Oracle is thinking big.
There has been talk of MIPS Technologies (Nasdaq: MIPS) as an acquisition target, and of Oracle (Nasdaq: ORCL) hunting for semiconductor companies. I continue to think Mellanox Technologies (Nasdaq: MLNX) would be a better target for Oracle than MIPS. If Oracle were going to enter the processor intellectual-property licensing business, I agree that MIPS would be a much more logical choice. However, I think Oracle wants to own semiconductor intellectual property, not sell it.
Setting aside the semiconductor talk, Oracle CEO Larry Ellison's statement that he wants duplicate the Apple (Nasdaq: AAPL) model in his sector describes precisely what I wrote a year or so ago would be Oracle’s goal. Oracle is going after the ecosystem enterprise model, and I think it is Hewlett-Packard's (NYSE: HPQ) biggest threat. H-P certainly has resources Oracle doesn't, but it doesn't have the heavy lifting software base it needs to win. That's why I think it has to buy SAP (NYSE: SAP). Oracle, of course, needs to develop a client-side computing strategy that includes mobile. My thinking is there is a thin client effort working under the covers, but I think acquiring Research in Motion (Nasdaq: RIMM) would be an interesting play.
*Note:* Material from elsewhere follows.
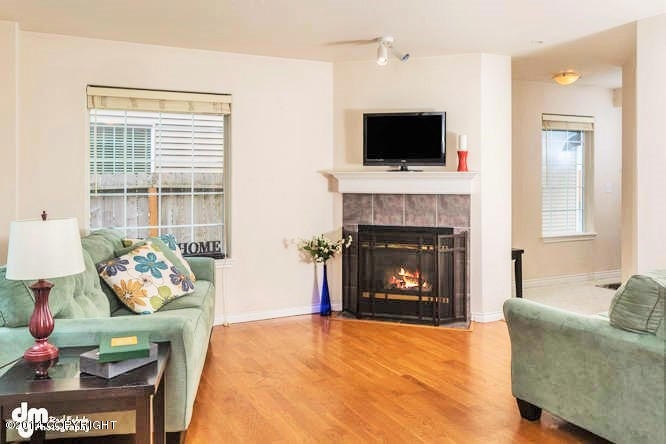 6416 E 10th Ave Anchorage AK-small-015-L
The bottom line here is I'm confident Ellison is thinking big and his real target is Apple’s market cap. I continue to view Oracle as a good strategic investment.
AMAT: A Fab Opportunity
The fab equipment industry is highly cyclical. Therefore, it's not unusual for valuation multiples (price-to-earnings ratios) to be low even when near term growth is high. Sector leader Applied Materials (Nasdaq: AMAT), it trades today at less than ten times its forward earnings estimate plus my view of its balance sheet value
I'm not sure why Wall Street seemed so intent in selling off the stock last summer. There were few things more obvious than the fact that spending on chip-making equipment would be strong through at least 2011, and quite possibly into 2012. As it has worked out, Wall Street finally caught on last fall and the price of AMAT has been on a steep climb since. It is now approaching the low end of the fair value range I shared last August when AMAT was trading for just over $11.
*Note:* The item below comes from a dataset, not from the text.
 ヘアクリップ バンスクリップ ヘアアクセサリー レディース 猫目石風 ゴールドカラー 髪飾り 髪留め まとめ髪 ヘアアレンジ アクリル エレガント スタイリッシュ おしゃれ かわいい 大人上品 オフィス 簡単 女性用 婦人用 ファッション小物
In the case of Applied Materials, I think it's important to dig a bit more deeply into the balance sheet than we do with most companies. AMAT carries a fairly large deferred-revenue liability of $0.63 per fully diluted share and long-term investments worth $0.98. If we add this to the net current asset value, the combined total comes to $4.12 per fully diluted share.
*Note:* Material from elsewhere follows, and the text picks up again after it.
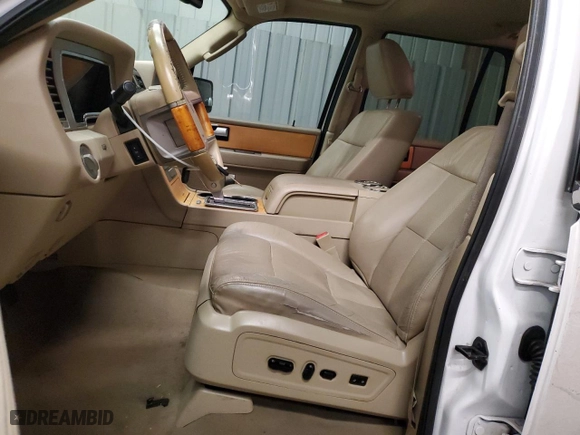 2009 Lincoln Navigator with VIN 5LMFU28579LJ01826, listed as a Copart auction lot 88434765 with 221,624 mi miles and Salvage Title. Bid and sale history available at carsss.com. Image 7.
The fiscal 2011 earnings consensus is $1.25, which is up only about a nickel from where it was last August. If we multiply that times a valuation multiple ranging from 10 to 12 and add the adjusted net current asset value, the estimated fair value range calculates to be $16.62 to $19.12. [Shares closed at $16.13 Tuesday—Editor.]
Corning’s Monkey Business
Corning (NYSE: GLW) investors were probably pretty excited in 1962 when the company first announced it had developed a nearly unbreakable glass. However, it didn't take long for the excitement to subside; Corning couldn't find any volume applications for it then. While not forgotten, Gorilla Glass was placed on the back shelf for nearly a half a century. However, with the growth of touch sensitive LCDs (liquid-crystal displays), Gorilla Glass has found its niche and is now back on the front burner. While Gorilla Glass is set to contribute an increasing amount of revenue for Corning, it will remain a fairly small piece of the much larger pie for some time yet.
Even if we don't make any adjustments, Corning's balance sheet sports $1.55 in net current assets per fully diluted share. As was the case throughout 2010, I think the 2011 earnings consensus of $2.02 will prove to be too low. But even if we use that with a fairly conservative forward valuation multiple range running from 12 to 14, plus net current asset value, the calculated estimated fair value range for the stock is $25.79 to $29.83. Based on this estimate and Corning's current price of $21.85, I would be more inclined to accumulate shares here than thin an existing position.